State insurance department gets $41M settlement in 20-year case

Ending a two-decade battle over excessive insurance costs California’s insurance commissioner announced Wednesday Mercury Insurance will pay a $41 million settlement, the largest penalty in the history of the department against a property and casualty insurer.

Ending a two-decade battle over excessive insurance costs, California's insurance commissioner announced Wednesday Mercury Insurance will pay a $41 million settlement, the largest penalty in the history of the department against a property and casualty insurer.

"Today is a great day for California drivers and the strong consumer protections that California voters enshrined in law," said state Insurance Commissioner Ricardo Lara at a press conference following the Supreme Court's rejection of Mercury's request to review the case and historic fine.

However, the insurance company said it still disagreed with the appellate and state Supreme Court decisions upholding fines and decided to settle the case to move on.

"The facts are very clear. Mercury misrepresented that its agents were brokers, implying they worked for consumers when they really worked for the company," said Lara.

The state's previous insurance commissioner, Dave Jones, issued a notice of noncompliance against Mercury, alleging it charged rates not approved by the department that were unfairly discriminatory in violation of Insurance Code.

A spokesman for Mercury said Wednesday the actual fine that will effectively close the case is $500,000. The original fine of $27.6 million issued by Jones has already been paid, and the rest of the $41 million came in the form of interest and costs associated with the ongoing dispute, according to Mercury.

The unapproved rates were in the form of broker fees charged by Mercury agents, which should have been disclosed as a premium, according to court documents. Mercury illegally allowed its agents to charge and collect illegal fees ranging from $50 to $150 per policy directly from consumers on more than 180,000 insurance transactions from 1999 to 2004, according to Lara.

In response, Mercury represented by Jason D. Russell of Skadden Arps Slate Meagher & Flom LLP, sought a writ of administrative mandate challenging Jones' decision to issue fines. The department was represented by Senior Assistant Attorney General Diane S. Shaw of the California Department of Justice. Mercury Insurance Company v. Jones, 15-00770552 (Orange Super. Ct., Feb. 9, 2015).

Agreeing with Mercury, Orange County Judge Superior Court Judge Gail Andrea Andler vacated the fines.

However in May, the 4th District Court of Appeal reversed the judgment and reinstated the fines.

Responding in an email Wednesday, Mercury strongly criticized the appellate court's decision, calling it "inappropriate," "unprecedented" and "poorly-reasoned."

"The Superior Court of California resoundingly ruled in Mercury's favor on three different grounds," the statement began. "This ruling was later inappropriately reversed by the appellate court, but we have decided to settle this case so that we can move forward to focus on providing California consumers the tremendous value they've come to expect for the past 58 plus years from Mercury."
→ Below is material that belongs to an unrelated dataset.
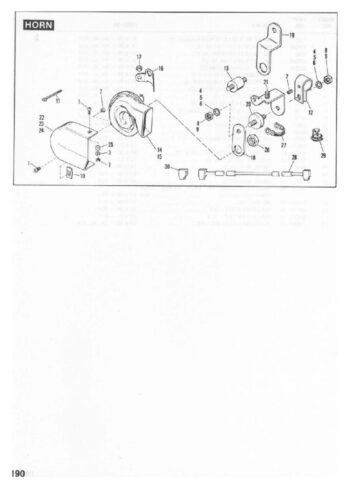 1954-1978 - Harley-Davidson Sportster XLH XLCH-1000 Parts Catalog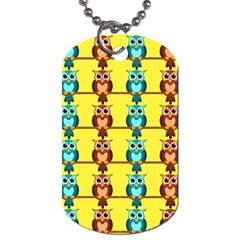 Owls Pattern            Dog Tag (one Side) by LalyLauraFLM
The strongly worded statement continued to hammer the appellate court's decision, saying it ignored the standard of review and instead of remanding the case back to the Superior Court to confirm proper deference was given to the commissioner, simply stepped into the trial judge's shoes and substituted its own factual conclusions.

"The court of appeal, in an unprecedented and poorly-reasoned opinion, reversed the superior court's decision, allegedly because the superior court did not give proper deference to the commissioner, even though the superior court expressly acknowledged its requirement to give a 'strong presumption of correctness,'" said the email from Mercury.

In a phone interview Wednesday, Jones said aside from being pleased his fines against Mercury were kept intact, the case reinforces California courts should give deference to the department in insurance-related matters such as these.

Jones pointed to the appellate opinion authored by Justice David A. Thompson, which said: "In reviewing whether an agency has properly interpreted a statute, although we make the final determination of its construction, we give 'great weight and respect to the administrative construction.' In determining how much weight we give to the agency's interpretation we consider 'factors relating to the agency's technical knowledge and expertise, which tend to suggest the agency has a comparative interpretive advantage over a court."

"They litigated that decision very tenaciously, appealing all the way up to the Supreme Court," Jones said of Mercury. "Thankfully, the court of appeal decided strongly in favor of my decision and the decision was not taken up by the Supreme Court and remained in full force and effect. I am pleased with outcome of that hard-fought litigation."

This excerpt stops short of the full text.